# What book do you want made into a film



## Coburn (Sep 3, 2010)

and who do you want to star in it? 

Pick the book you'd like to see as a movie and cast it!




Here's mine:


_The Gunslinger _[Dark Tower Series]

Roland: Hugh Laurie [although it would be hard for audiences to separate him from House]

Eddie: Aaron Paul or Jamie Bell

Susannah: Zoe Saldana


----------



## Lemmy Caution (Jun 12, 2010)

I heard a while ago about an adaptation of The Gunslinger being made. It was rumored that Ron Howard would be the director and Javier Barden would be Roland. 

Don't know how much of that is true.


----------



## FreeSpirit (Jun 1, 2011)

Ender's Game

Better be* just like the book*, though.
Heard they were trying to do it, actually.
Seems nothing came of that.


----------



## Coburn (Sep 3, 2010)

@Lemmy Caution

They were, but Universal dropped it because they felt the entire project was too much to handle. So now the rights to make it are back up for sale. 

@FreeSpirit

They actually just settled down on a script for _Ender's Game_. They put out their first casting call about two weeks ago. 

Who would you cast as Ender, Hyram Gruff, Peter, Valentine?


----------



## FreeSpirit (Jun 1, 2011)

@*JuliaRhys*

Awesome. I will be first in line.

Anyway, sorry to say, but I am not familiar with many actors that
would be young enough to play these parts now-a-days. I will have
to think of this throughout the next day or so to see if I can even
come up with any.

So my initial answer is: New Blood!


----------



## yello (Oct 14, 2011)

I think Monster(Graphic Novel) would be a good one to adapt.


----------



## Coburn (Sep 3, 2010)

@yello

I've heard Monster is excellent. Although if I remember correctly, there are a lot of books.

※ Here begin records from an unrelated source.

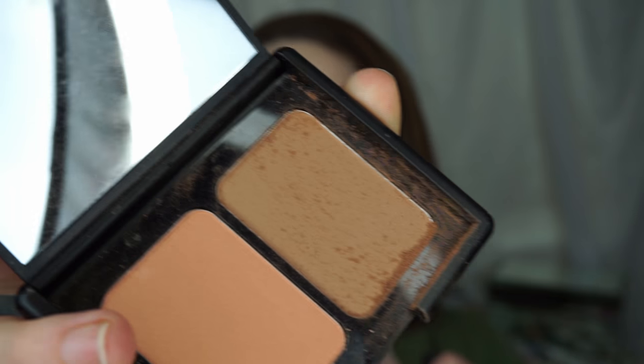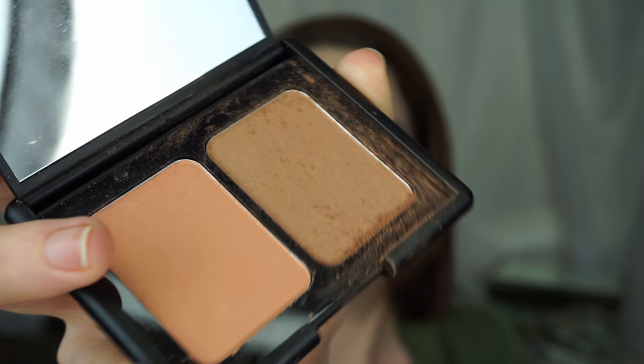I'm gonna go in with my Real Techniques stipple brush and go into the bronzing color in the St. Lucia palette. And holy Jesus, look at how much it kicked up — which I kind of don't have a problem with if you're paying three dollars for a blush and a bronzer. That's actually a really nice color for me and I'm hella pale.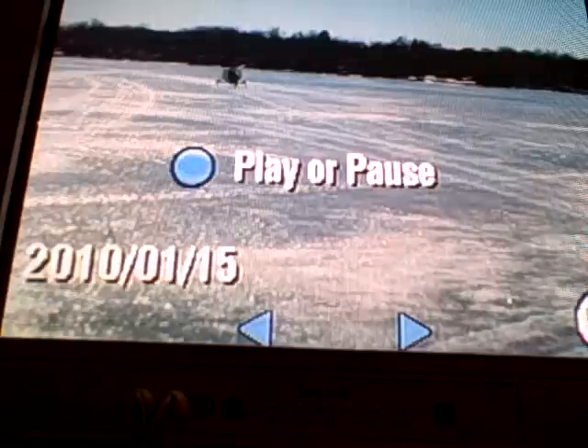Here I am making some turns — she handles really good with the runners. Coming around, this is Bantam Lake of course.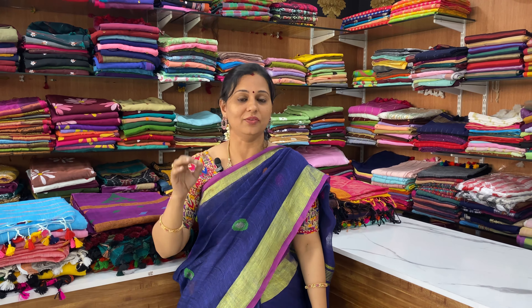Hi, welcome to Shri Asha Bhutti. Today, we have a lot of new collections in linen. That is what we will see in this video.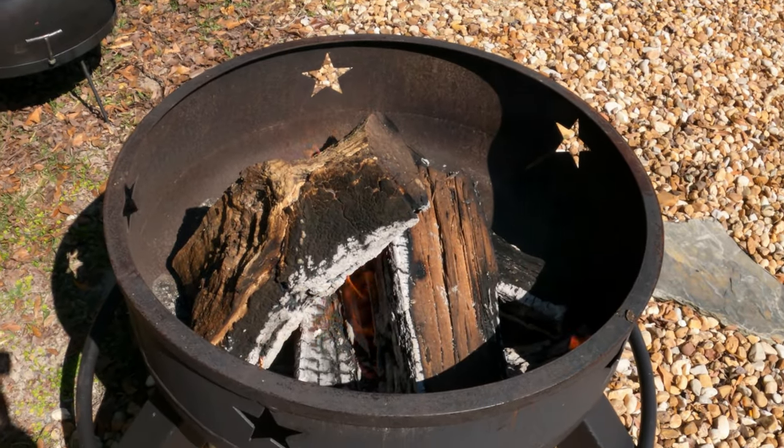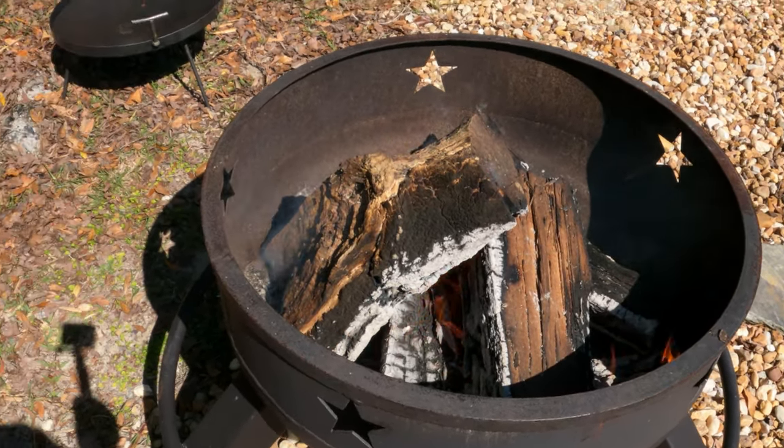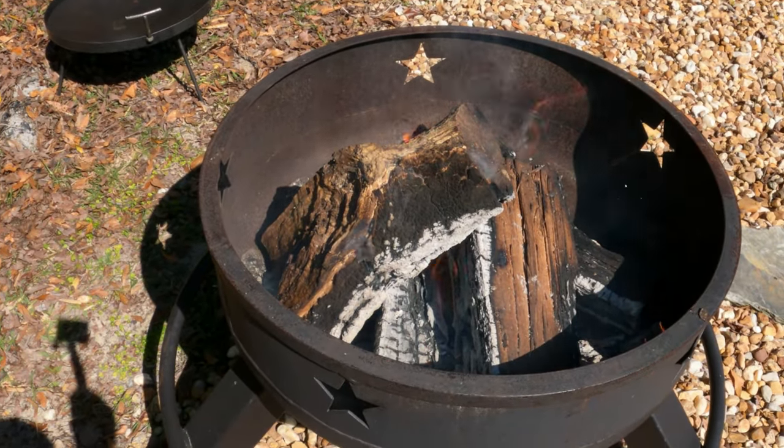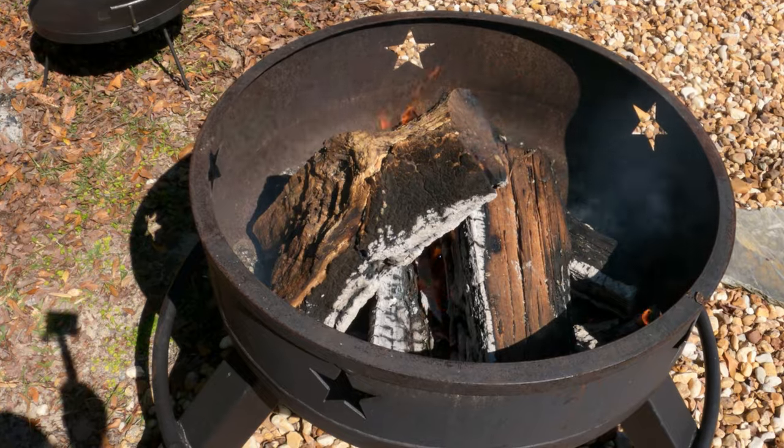All right, we're going to start my cowboy walk over this fire and I'm going to make Philly cheesesteaks with sliced beef tenderloin. See how that goes.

Would you rather see it made into a miniseries, tv show, or film? Which do you think would better represent the story?


----------



## LotusBlossom (Apr 2, 2011)

R.A. Salvatore's Drizzt series.


----------



## Promethea (Aug 24, 2009)

marion zimmer bradley's Light series


----------



## sarek (May 20, 2010)

I would love to see the Eye of the World, the first book in the Wheel of Time series by Robert Jordan made into a movie. The added bonus is that is enough reading material after the first book for ten sequels.


----------



## MiriMiriAru (May 1, 2011)

sarek said:


> I would love to see the Eye of the World, the first book in the Wheel of Time series by Robert Jordan made into a movie. The added bonus is that is enough reading material after the first book for ten sequels.


All the books in that series are long enough that the series would be 30 films.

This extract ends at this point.